Pour Kant donc, ce n'est jamais le
contenu matériel de l'acte qui doit déterminer le jugement moral.
Marqué par le protestantisme piétiste, Kant
introduit en quelque sorte dans son éthique, en la laïcisant, l'idée que les « oeuvres » ne comptent pas sans la « foi
».
Tout à l'opposé d'une morale matérialiste des oeuvres, du résultat, Kant prône une éthique mystique où seule
compte l'intention secrète des âmes.
Ainsi, « ce qui fait que la bonne volonté est telle, ce ne sont pas ses oeuvres
ou ses succès ».
Il n'y a que l'intention qui compte et alors même que la bonne intention « dans son plus grand
effort n'aboutirait à rien, elle n'en brillerait pas moins ainsi qu'un joyau de son éclat propre, comme quelque chose
qui porte en soi sa valeur tout entière ».

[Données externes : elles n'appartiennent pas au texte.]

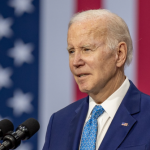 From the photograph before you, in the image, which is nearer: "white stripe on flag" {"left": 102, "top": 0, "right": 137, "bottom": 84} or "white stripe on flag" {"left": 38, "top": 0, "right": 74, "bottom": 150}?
"white stripe on flag" {"left": 102, "top": 0, "right": 137, "bottom": 84}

Seule la bonne volonté, cad la volonté d'agir conformément aux prescriptions du devoir moral, vaut absolument.
Certes les talents de l'esprit comme l'intelligence, le jugement, la vivacité d'esprit, ainsi que les qualités de
tempérament comme le courage, la persévérance, l'esprit de décision, sont, sans aucun doute, des choses bonnes
en elles-mêmes.
Le courage, par exemple, ne peut-il pas être mis au service du crime ? Il faut donc conclure qu'elles
ne sont bonnes qu'autant qu'elles sont les instruments d'une bonne volonté.
Ces capacités sont en outre des dons
de la nature ou du hasard.
Il en résulte que si la morale kantienne exige que je mette en oeuvre tous les moyens
dont je dispose pour faire mon devoir, elle ne fait pas de la réussite de mon entreprise une condition de la moralité
de mon action.
Autrement dit, l'absence de résultat ne peut rien retrancher à la valeur morale de l'action, pas plus
que la réussite ne peut y ajouter quelque chose.
Une action faite par devoir tire sa valeur morale, non du but qu'elle
doit atteindre, mais de la maxime d'après laquelle elle est décidée.
L'action accomplie par devoir a toute sa valeur en
elle-même, se distinguant par là de toute action intéressée, qui fait du résultat son seul but.
Elle n'a pas non plus à se soucier des résultats qui dépendent des capacités de l'agent et de circonstances
contingentes.
Comprenons bien la théorie de Kant.
Ce qu'il nomme intention n'est pas « une simple velléité » ; Kant ne veut
évidemment pas dire qu'il suffit d'avoir le projet du bien, et qu'il importe peu d'avoir ou non le courage d'exécuter ce
projet.
J'ai « l'intention » de souscrire à des oeuvres philanthropiques ou de discipliner ma vie déréglée, par exemple.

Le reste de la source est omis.